A workaround in BayesStore/MySQL.pm was added for a MySQL server bug,
see http://bugs.mysql.com/bug.php?id=46675 .

Documentation was fixed: trailing dots in DNSBL zone names are not required
since version 3.1.0 of Mail::SpamAssassin (September 2005).

Notable features:
=================

Redis database backend for a Bayes database
-------------------------------------------

In addition to existing backends, the 3.4.0 introduces support for keeping
a Bayes database on a Redis server, either running locally, or accessed
over network. Similar to SQL backends, the database may be concurrently
used by several hosts running SpamAssassin.

The current implementation only supports a global Bayes database, i.e.
per-recipient sub-databases are not supported. The Redis 2.6.* server
supports access over IPv4 or over a Unix socket, starting with version
2.8.0 also IPv6 is supported. Bear in mind that Redis server only offers
limited access controls, so it is advisable to let the Redis server bind
to a loopback interface only, or to use other mechanisms to limit access,
such as local firewall rules.

The Redis backend for Bayes can put a Lua scripting support in a Redis
server to good use, improving performance. The Lua support is available
in Redis server since version 2.6. In absence of a Lua support, the Redis
backend uses batched (pipelined) traditional Redis commands, so it should
work with a Redis server version 2.4 (untested), although this is not
recommended for busy sites.

Expiration of token and 'seen' message id entries is left to the Redis
server. There is no provision for manually expiring a database, so it is
highly recommended to leave the setting bayes_auto_expire to its default
value 1 (i.e. enabled).

Example configuration:

bayes_store_module Mail::SpamAssassin::BayesStore::Redis
bayes_sql_dsn server=127.0.0.1:6379;password=foo;database=2
bayes_token_ttl 21d
bayes_seen_ttl 8d
bayes_auto_expire 1

Improved support for IPv6
-------------------------

The rules-updating program sa-update and its infrastructure is now usable
over either IPv4 or IPv6, including from an IPv6-only hosts (bug 6654).

SpamAssassin is now usable on an IPv6-only host: affects installation,
self-tests, rule updates, client, server, and a command-line spamassassin.

Command line options -4 and -6 were added to prefer/choose/force IPv4 or
IPv6 in programs spamassassin, spamd, spamc, and sa-update.

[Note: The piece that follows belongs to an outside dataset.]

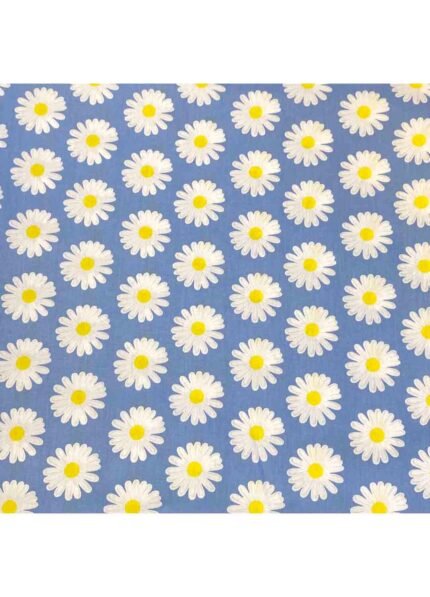 Fabric Ref 5389 - Floral Cotton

Command line options --listen and --allowed-ips in spamd can now accept
IPv6 addresses.

Preferably a perl module IO::Socket::IP is used (if it is available) for
network communication regardless of a protocol family - for DNS queries,
by spamd server side, and by a client code in Mail::SpamAssassin::Client.
As a fallback when the module IO::Socket::IP is unavailable, an older
module IO::Socket::INET6 is used, or eventually the IO::Socket::INET is
used as last resort.

If spamd fails to start with an 'Address already in use' message, please
install perl module IO::Socket::IP, or deintall IO::Socket::INET6, or
specify a socket bind address explicitly with a spamd --listen option.
See bug 6953 for details.

The spamd server can now simultaneously listen on multiple sockets,
possibly in different protocol domains (Unix sockets, INET or INET6
protocol families.

DnsResolver was updated allowing it to work on an IPv6-only host (bug 6653)

A plugin RelayCountry now uses module Geo::IP and its database of IPv6
addresses GEOIP_COUNTRY_EDITION_V6 when available.

The following configuration options were extended to accept IPv6 addresses:
dns_server, trusted_networks, internal_networks, msa_networks, (but not yet
the whitelist_from_rcvd), and their defaults were adjusted accordingly.

The parser code of Received header fields can now deal with IPv6 addresses
in a mail header section.

The AutoWhitelist plugin was updated and can now deal with IPv6 addresses.

Installation unit tests were updated to prevent them from failing on an
IPv6-only host.

New command-line options
------------------------

New command-line option for spamd: added an option --listen (or -i),
which can be specified multiple times and allows spamd to accept requests
over multiple INET (IPv4) or INET6 (IPv6) or UNIX sockets. See bug 6841,
and see also option --port.

New command-line option for spamc: -X (or --unavailable-tempfail) allows
spamc to return EX_TEMPFAIL instead of EX_UNAVAILABLE when using option -x.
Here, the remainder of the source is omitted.